NEW YORK (TheLFB-Forex) -- Here is the LFB-Forex technical view of where West Texas Intermediate crude oil is headed.
Quick View: WTI crude oil may see intraday bearish reversals when the commodity gets briefly overbought, but the broader bullish trend remains intact.
The outlook remains bullish because of heightened Middle Eastern tensions.
Countries that have natural reserves in oil are initiating moves away from excess holdings of dollars (in Treasury bills or cash) in a long-term plan that reduces exposure to dollar devaluations.
It make little sense to have dollar-denominated reserves in the ground and in the bank vault as well, especially when your major trading partner happens to be the U.S.
If the greenback depreciates, so will the reserves of the oil-producing countries. Saudi Arabia has started a move toward euros, and most other oil exporters are realigning as well, including Russia, and Venezuela, who are following Iran in asking for euro payments. It will be very interesting to see how this all plays out over the coming months.
Trend: Long. Momentum: Mixed. Sentiment: Mixed. Daily Trading Range: Extreme, $3.50 (4.4%). Daily Simple Moving-Average Lines: Blue (20-day SMA); Green (50-day SMA); Orange (100-day SMA); Red (200-day SMA).
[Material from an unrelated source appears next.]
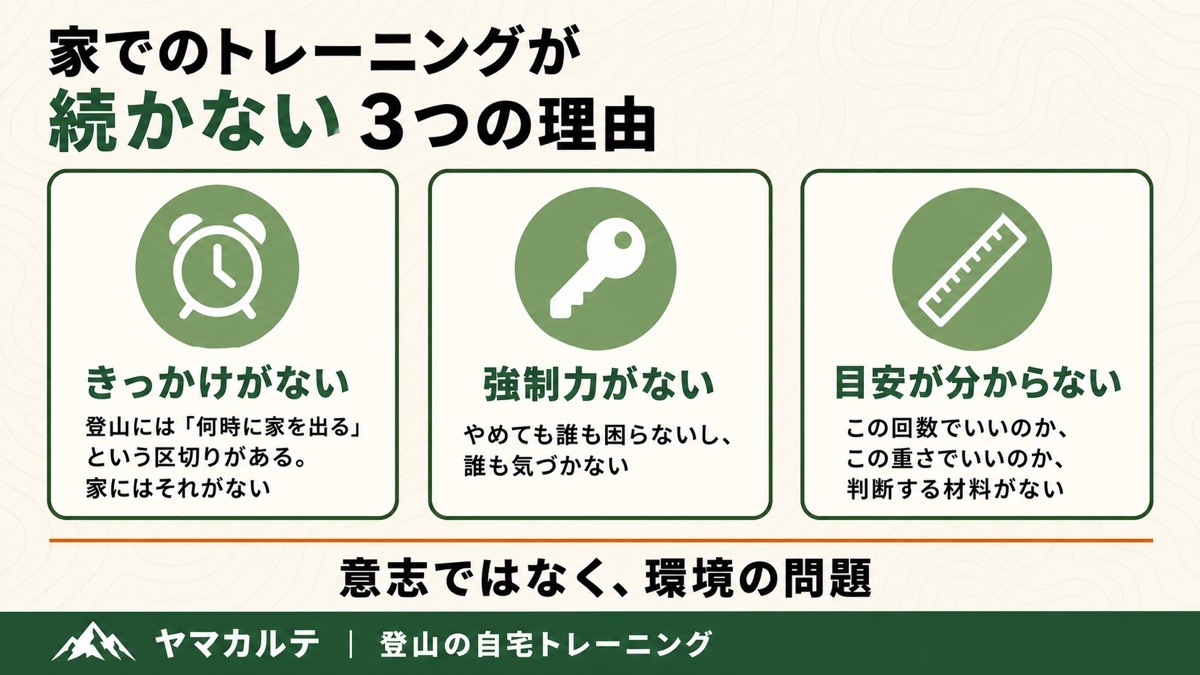 家でのトレーニングが続かない3つの理由 きっかけがない・強制力がない・目安が分からない 意志ではなく環境の問題 ヤマカルテ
Technical Wave: The first leg of an ABC-up structure formed back in September with the move from $74.50 to $86.50, the B-leg reversed to $83.00 and held support, which set up the C-leg that targeted $104.00. Now is the time to look for consolidation at support in preparation of the next move toward resistance, before the next sustainable moves unfold. The $95.50 and $104.50 area are main swing points of note.
Buy Support: Bullish traders will be looking to potentially buy the short reversals to $99.30 (the Fibonacci trend line formed from the move higher from $74.50 to $103.50), which could then target $102.50 and possibly $104.50.